Per their research, people with a type B personality may have better heart health in the long run, but why is that the case? Is this something to do with stress, or something more physiological? Let’s take a look at some of the most common traits of people with type B personalities to find out.
What are the traits of a type B personality?
Having a type B personality is more than simply lacking the traits of a type A personality. In fact, it can be helpful to look at the two types of personalities as a continuum, with people typically leaning towards one side or another, but not necessarily having every trait associated with one type, and none associated with the other. According to VeryWell Mind, some common traits of people with type B personalities include:
- Low stress levels
- Relaxed attitude
- Adaptability to change
- Tendency to procrastinate
Given that personality types exist on a continuum, it can be hard to tell where, exactly, you fall on that.

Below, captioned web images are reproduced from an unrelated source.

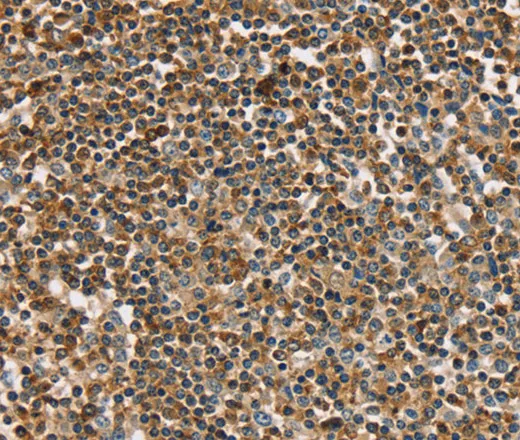 PLS3 Polyclonal Antibody - image 2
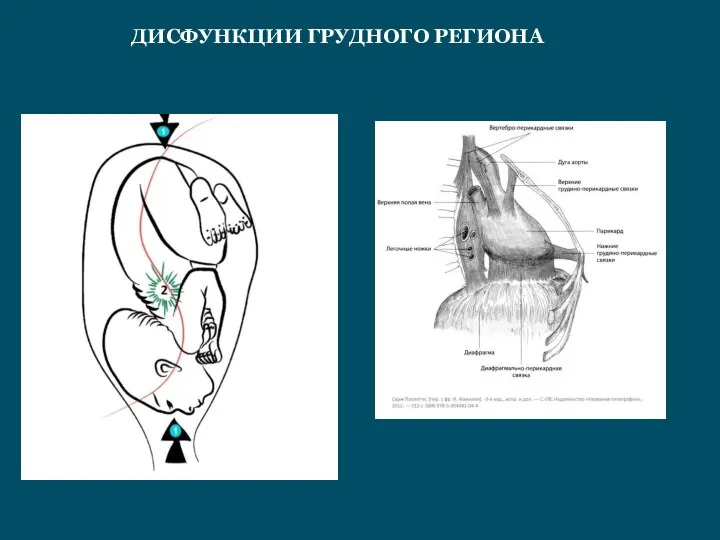 ДИСФУНКЦИИ ГРУДНОГО РЕГИОНА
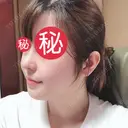 鼻中隔延長（切開） / 骨切り（あご） / 骨削り（エラ） / 軟骨移植 / 眉間プロテーゼ id（アイディ）美容外科 DAY 143 サムネイル用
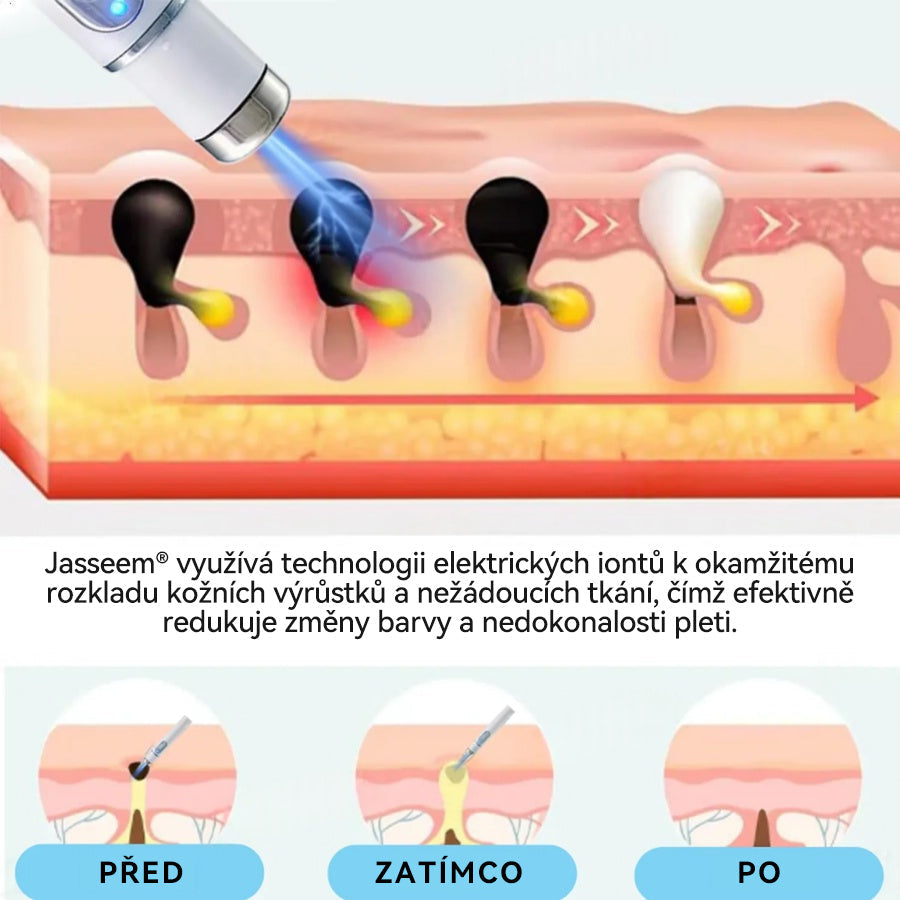 𝐉𝐚𝐬𝐬𝐞𝐞𝐦® Laserové pero lékařské kvality 💕 (Poháněno technologií CO₂ laseru – účinně odstraňuje znaménka, bradavice, kožní výrůstky, pigmentové skvrny a další nedokonalosti pleti) 🔥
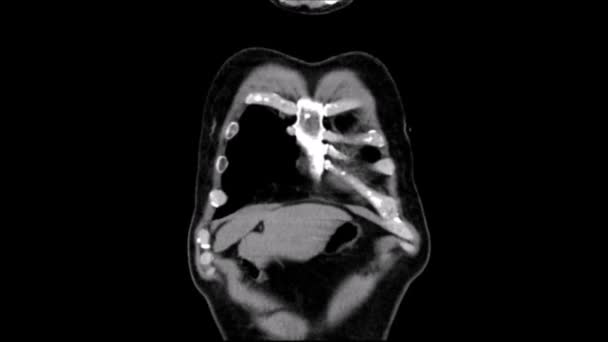 Tac en phase basale en coronaire d'un thorax angiotaque 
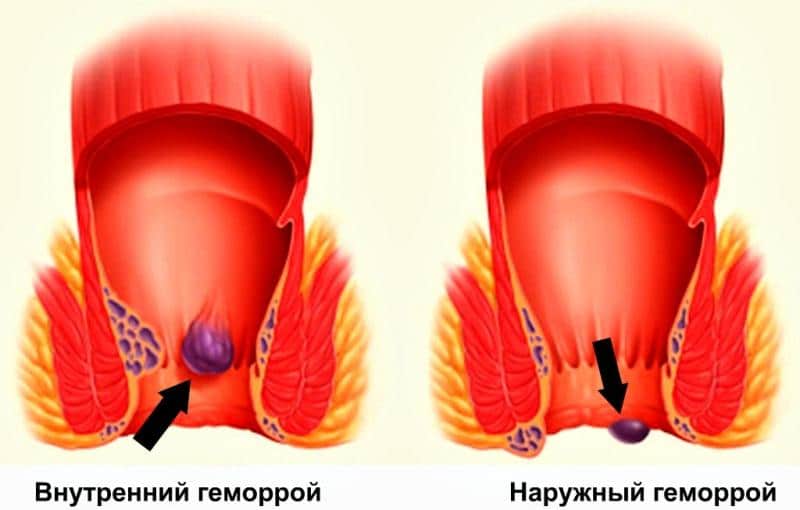 Почесывания В Анальном Отверстии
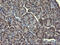 Mitogen-activated protein kinase 13 antibody, M03594, Boster Biological Technology, Immunohistochemistry paraffin image 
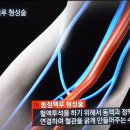 EBS 교육방송(명의) 신장과 혈관 이미지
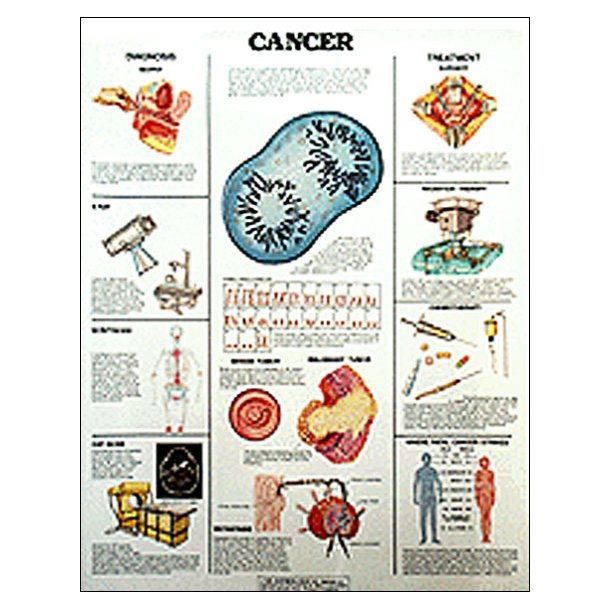 Cancer II. Anatomisk plakat 50x67 cm. Lamineret med lister.
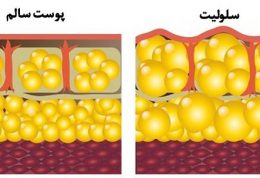 با این حرکات ورزشی سلولیت را درمان کنید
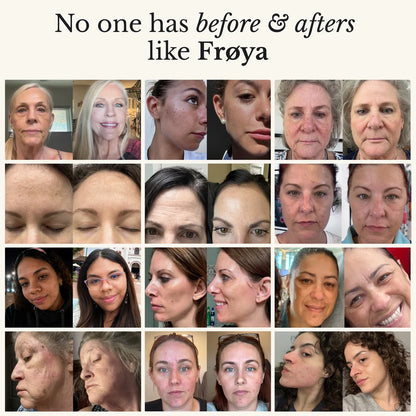 El Sistema Completo para la Piel de las Mujeres Boreal™️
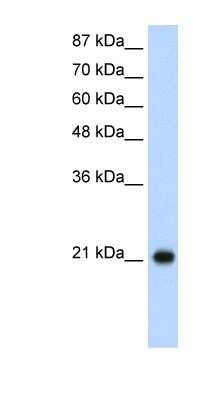 Western Blot: RPL9 Antibody [NBP1-57387]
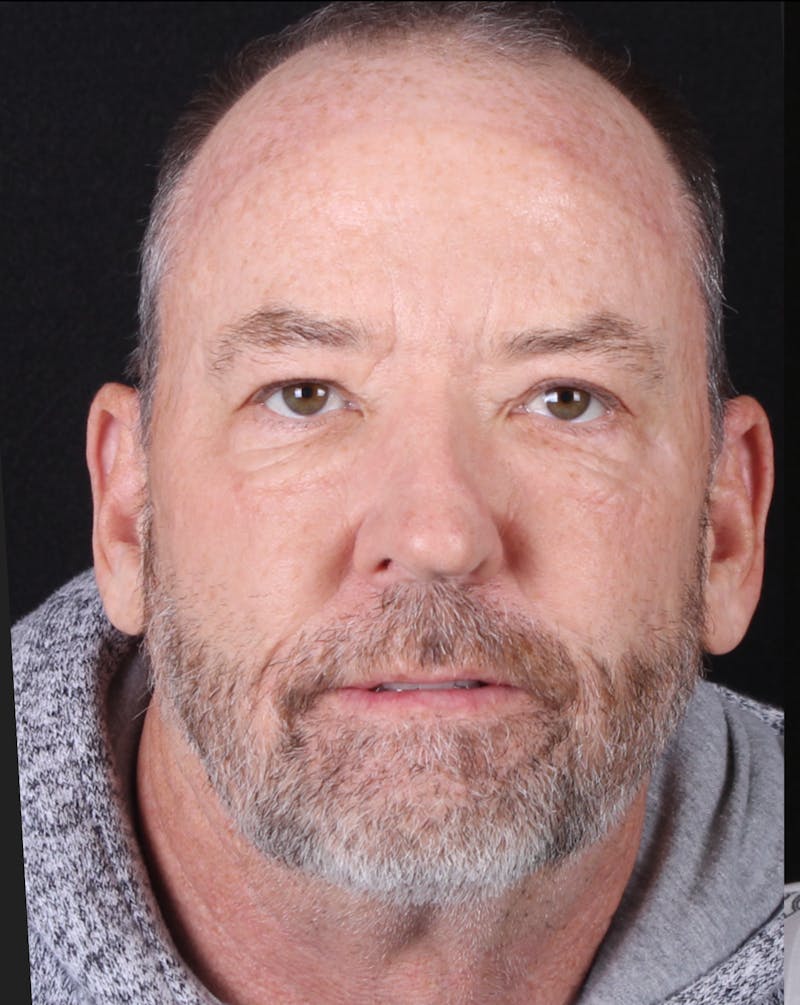 Rhinoplasty Male Before & After Gallery - Patient 109349 - Image 3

If that’s the case, here are a few questions you can ask yourself to get a better idea of whether you’re more of a type B:
- Do you find joy in the journey and enjoy taking the time to complete a task?

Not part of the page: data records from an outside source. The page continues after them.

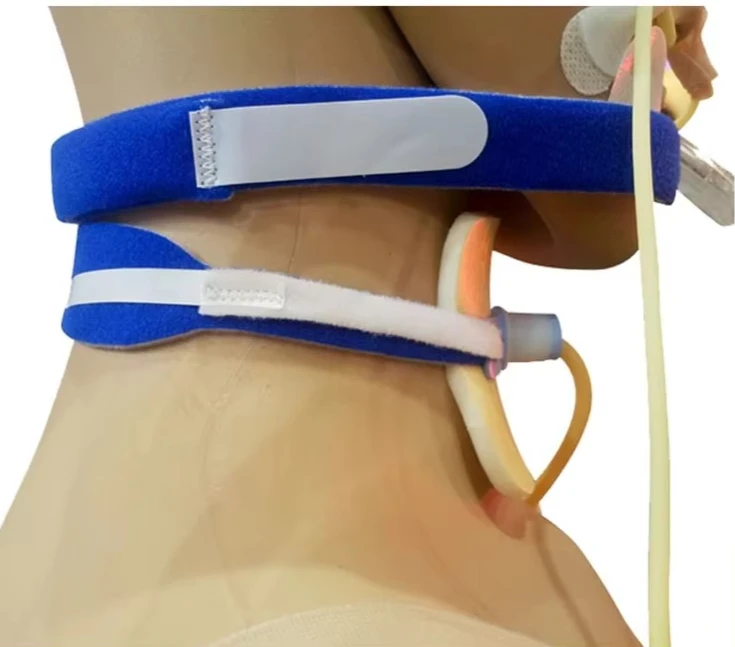 

Medical Endotracheal Tube Holder Catheter Support Brace Tracheostomy Fixed Device Fixed Belt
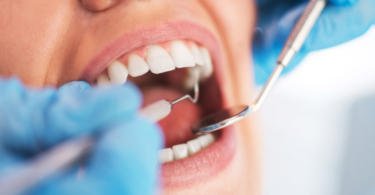 Dentistas podem desempenhar papel crucial na deteção de doenças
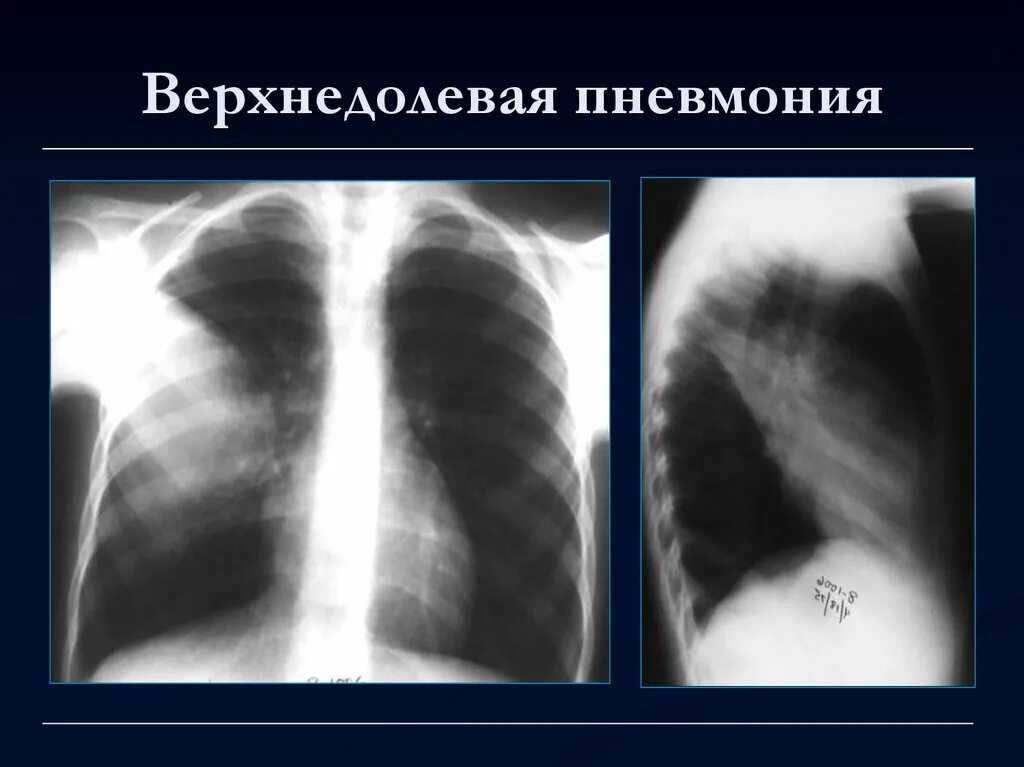 крупозная пневмония рентген. хламидийная пневмония рентген. пневмония рентген описание. казеозная пневмония рентгенограмма. госпитальная пневмония рентген.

- Do you tend to be a pretty easy-going person?
- When playing games, are you focused on just having fun?
- Do you often wait until the last minute to do things?
- When eating a meal, do you eat slowly and savor every bite?

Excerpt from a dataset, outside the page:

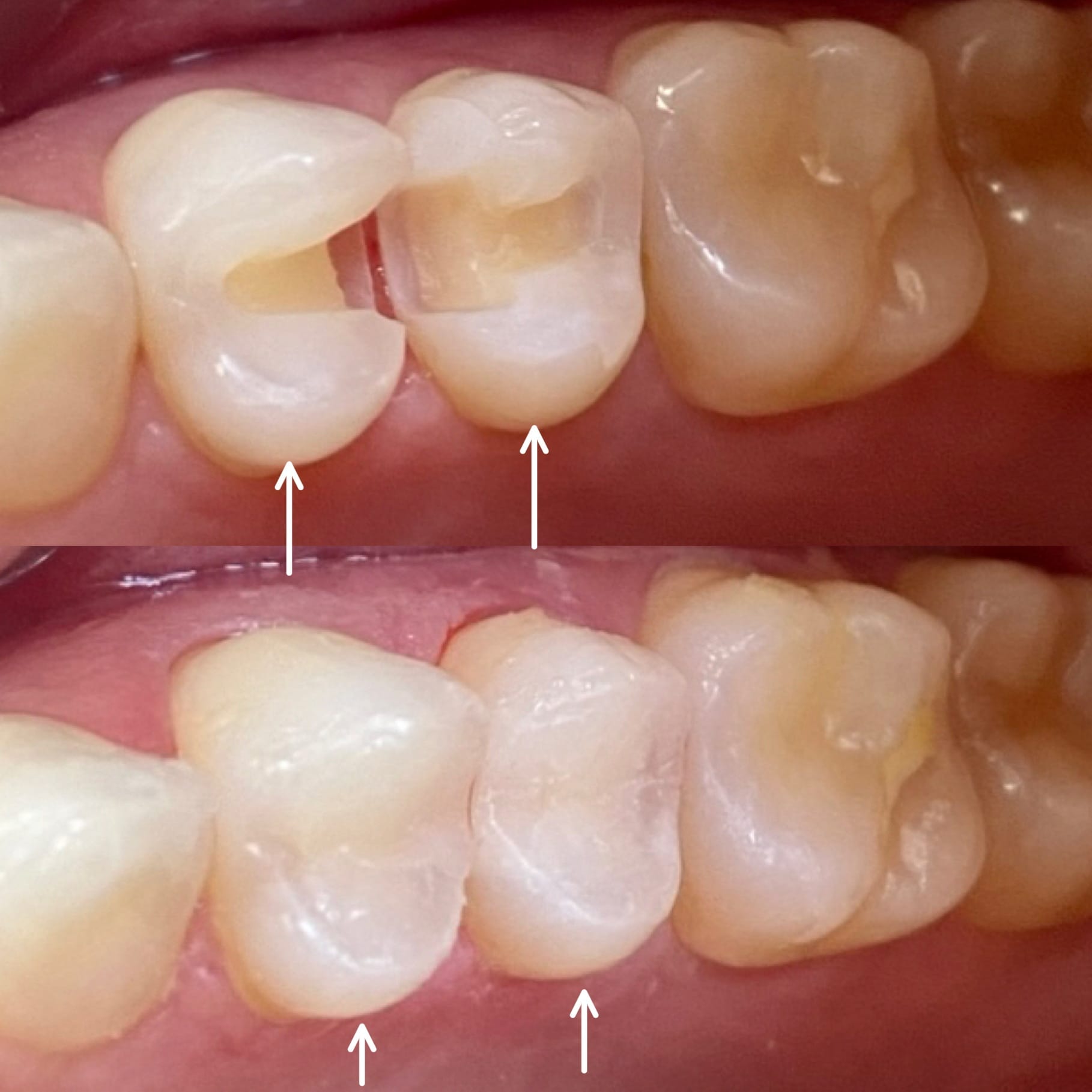 Metal Free Fillings Beverly Hills Cavity Fillings in Beverly Hills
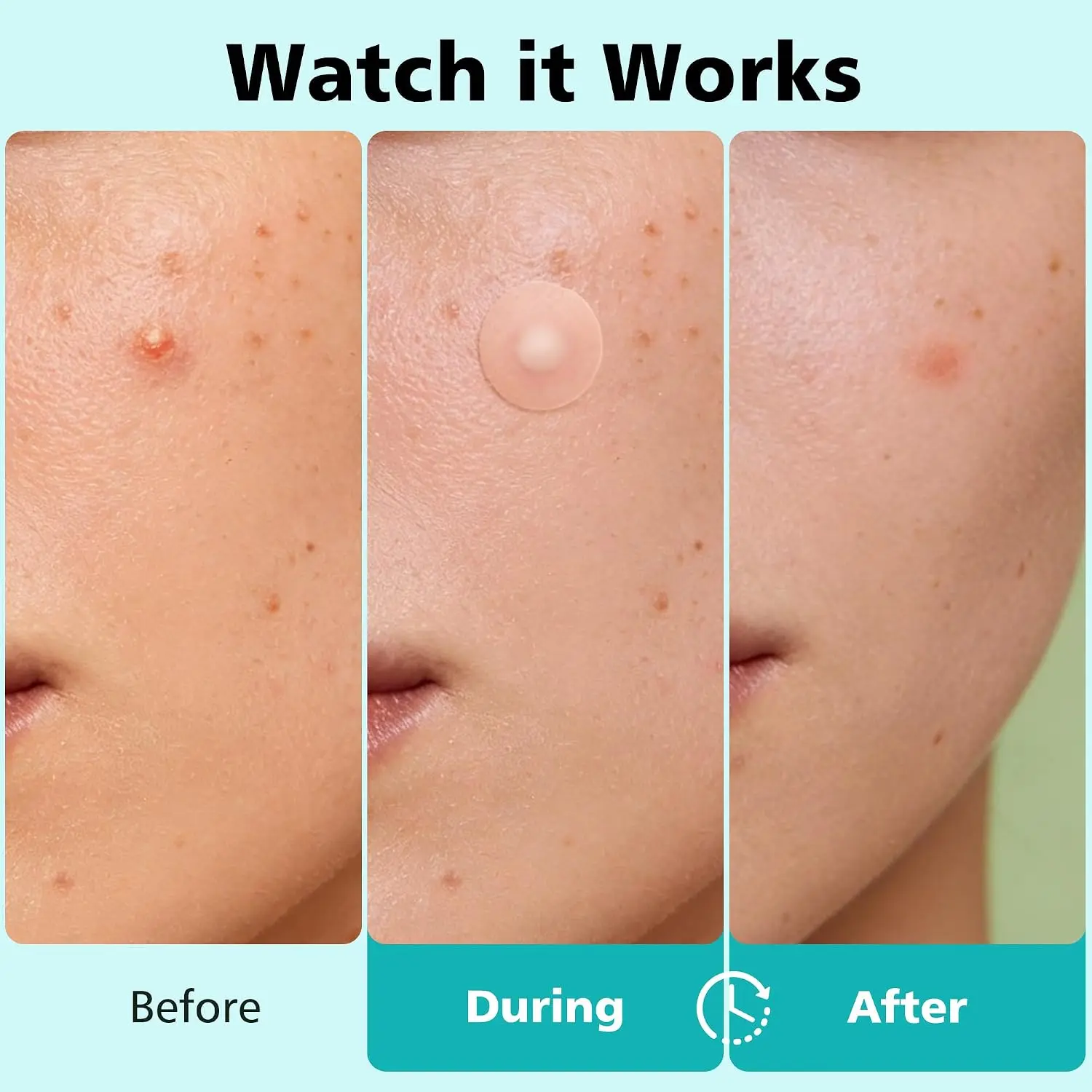 180/360/720 patches/box of hydrogel acne patches can effectively cover acne patches, suitable for both men and women - view 5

- Do you usually tackle tasks one at a time?
- Are you able to relax when you are away from work?
- Are you good at maintaining low stress levels?
- Do you focus more on enjoying an activity or on finishing the task?
How can a type B personality impact a person’s health and relationships?
Going back to Friedman and Rosenman’s findings that people with type A personalities are at higher risk for cardiovascular disease — largely because of stress — does this mean that having a type B personality is healthier? Not exactly. People with type B personalities definitely do experience stress, but may be better at handling it. And having a type B personality doesn’t automatically “protect” you from the many factors that determine heart health, like genetics, or eating and exercise habits.
Something else to consider is that people with type B personalities may have an attitude towards their own health that is a little too laid back. If they tend not to stress as much about their health, they may not have the same discipline as type A people when it comes to routine health behaviors, or general maintenance, like staying on top of regular check-ups or health screenings.
And when it comes to relationships, having a type B personality can be both helpful and harmful. For example, being more laid back about everything may mean that you’re a good listener and better equipped to navigate minor problems. But on the other hand, always avoiding conflict isn’t ideal either. Sometimes it can be a challenge for type B people to stand up for themselves, instead of being taken advantage of by another person just because they want to keep the peace. The key is understanding where your relationship strengths and weaknesses lie, and then making extra effort in areas where you may fall short.